The Scottish city’s Emirates Arena has a recently installed Sportflex Super X 720 athletics track which will provide the very best environment for more than 600 athletes to perform at the very highest level and follow in the footsteps of the icons of the sport who have excelled at the championships.
Here are our Top 10 Mondo Magic Moments from those 13 World Athletics Indoor Championships and there is more to savour than just world records.
The first official World Athletics Indoor Championships was in Indianapolis, USA and the famous Hoosier Dome witnessed five world indoor records. The pick of them was Stefka Kostadinova’s high jump record on the final day, the Bulgarian clearing 2.05m.
At the 1991 edition in the Spanish city of Sevilla, the quartet of Rico Lieder, Jens Carlowitz, Karsten Just and Thomas Schönlebe from the newly unified Germany took more than two seconds off the world indoor record with a time of 3:03.05.
In 1993, USA’s reigning world outdoors champion in the decathlon Dan O’Brien achieved indoor success and superlatives in Toronto, Canada when he tallied 6476 points in the heptathlon, a world record that was to stand until 2010.

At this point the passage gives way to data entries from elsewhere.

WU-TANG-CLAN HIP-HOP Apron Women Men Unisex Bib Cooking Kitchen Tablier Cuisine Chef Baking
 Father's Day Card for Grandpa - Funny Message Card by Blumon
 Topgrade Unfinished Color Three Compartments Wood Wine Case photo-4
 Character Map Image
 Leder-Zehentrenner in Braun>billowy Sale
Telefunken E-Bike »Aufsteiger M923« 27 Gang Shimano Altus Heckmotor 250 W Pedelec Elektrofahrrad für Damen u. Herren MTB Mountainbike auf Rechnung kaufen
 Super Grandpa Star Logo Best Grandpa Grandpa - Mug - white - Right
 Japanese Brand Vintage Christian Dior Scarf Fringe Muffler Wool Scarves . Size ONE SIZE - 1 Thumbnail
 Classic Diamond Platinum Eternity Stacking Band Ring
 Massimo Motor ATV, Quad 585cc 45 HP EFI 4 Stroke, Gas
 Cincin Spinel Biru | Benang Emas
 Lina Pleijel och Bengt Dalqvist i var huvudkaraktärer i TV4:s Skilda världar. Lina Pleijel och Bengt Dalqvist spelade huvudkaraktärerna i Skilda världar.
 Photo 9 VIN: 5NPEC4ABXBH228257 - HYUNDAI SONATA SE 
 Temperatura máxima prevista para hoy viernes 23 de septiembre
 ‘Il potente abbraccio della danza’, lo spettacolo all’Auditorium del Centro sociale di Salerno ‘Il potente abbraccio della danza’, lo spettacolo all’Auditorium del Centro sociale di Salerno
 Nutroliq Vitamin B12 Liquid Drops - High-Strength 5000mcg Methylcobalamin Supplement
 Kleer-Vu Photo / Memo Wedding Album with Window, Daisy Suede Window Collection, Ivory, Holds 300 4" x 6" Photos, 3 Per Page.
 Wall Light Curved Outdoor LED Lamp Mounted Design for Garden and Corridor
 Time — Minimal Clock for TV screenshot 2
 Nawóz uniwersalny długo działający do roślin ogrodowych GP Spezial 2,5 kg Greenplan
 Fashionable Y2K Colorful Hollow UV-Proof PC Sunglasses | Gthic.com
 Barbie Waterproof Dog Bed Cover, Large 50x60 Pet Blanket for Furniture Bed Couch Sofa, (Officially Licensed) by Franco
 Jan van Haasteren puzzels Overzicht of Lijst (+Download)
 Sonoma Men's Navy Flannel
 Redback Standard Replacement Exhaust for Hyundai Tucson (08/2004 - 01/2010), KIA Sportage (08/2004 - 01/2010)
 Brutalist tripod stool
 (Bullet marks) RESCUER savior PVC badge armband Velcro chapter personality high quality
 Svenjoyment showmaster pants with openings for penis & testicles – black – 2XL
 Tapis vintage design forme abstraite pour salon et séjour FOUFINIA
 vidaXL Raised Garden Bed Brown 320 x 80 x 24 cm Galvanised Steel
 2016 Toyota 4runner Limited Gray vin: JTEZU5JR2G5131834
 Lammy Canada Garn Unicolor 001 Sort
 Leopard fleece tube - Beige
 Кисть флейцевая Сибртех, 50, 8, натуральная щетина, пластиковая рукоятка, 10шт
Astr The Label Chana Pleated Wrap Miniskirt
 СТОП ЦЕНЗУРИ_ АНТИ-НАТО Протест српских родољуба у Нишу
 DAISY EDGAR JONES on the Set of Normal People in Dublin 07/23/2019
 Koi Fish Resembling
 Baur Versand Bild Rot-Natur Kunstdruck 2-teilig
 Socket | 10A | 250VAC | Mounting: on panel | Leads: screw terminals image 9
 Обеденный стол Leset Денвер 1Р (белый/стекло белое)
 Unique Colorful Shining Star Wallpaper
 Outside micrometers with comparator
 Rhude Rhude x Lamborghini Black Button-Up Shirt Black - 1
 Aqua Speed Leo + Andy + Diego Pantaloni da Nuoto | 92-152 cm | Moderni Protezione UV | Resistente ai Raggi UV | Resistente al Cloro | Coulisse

Morocco’s Hicham El Guerrouj was a surprise winner at the 1995 championships in Barcelona but took the first global title of what was to be an illustrious career with a super-quick last lap to win the 1500m gold medal.
Denmark’s Wilson Kipketer produced one of the most talked about feats of any World Athletics Indoor Championships at Paris 1997 when he front-ran his way to an 800m world record of 1:43.96 in his heat and then improved further by over a second when he clocked a stunning 1:42.67 in the final.
The World Athletics Indoor Championships Maebashi 1999 saw two world indoor records in both the men’s and women’s 4x400m but perhaps the individual performance of the meeting in the Japanese city’s Green Dome came from Namibia’s Frankie Fredericks who won the 200m in 20.10, the second fastest time ever indoors.
Cuban long jumper Ivan Pedroso became the first, and to date only, athlete to win five successive World Athletics Indoor Championships titles with his effort of 8.43m at Lisbon 2001. Pedroso still holds the long jump championship record with 8.62m in Maebashi two years earlier.
Teddy Tamgho got the first of his three-world indoor triple jump records when he bounded out to 17.90m at the World Athletics Indoor Championships Doha 2010, the Frenchman winning the very last event of the championships in spectacular fashion.
Ukraine’s combined events exponent Natalia Dobrynska became the first athlete to break the 5000 points barrier for the pentathlon when she finished with a world indoor record of 5013 points at the 2012 championships in Istanbul, a mark that lasted until 2023.
Poland’s 4x400m quartet caused one of the biggest upsets ever at a World Athletics Indoor Championships when they beat the highly favoured USA team at the 2018 championships in Birmingham, Great Britain with a world record of 3:01.77.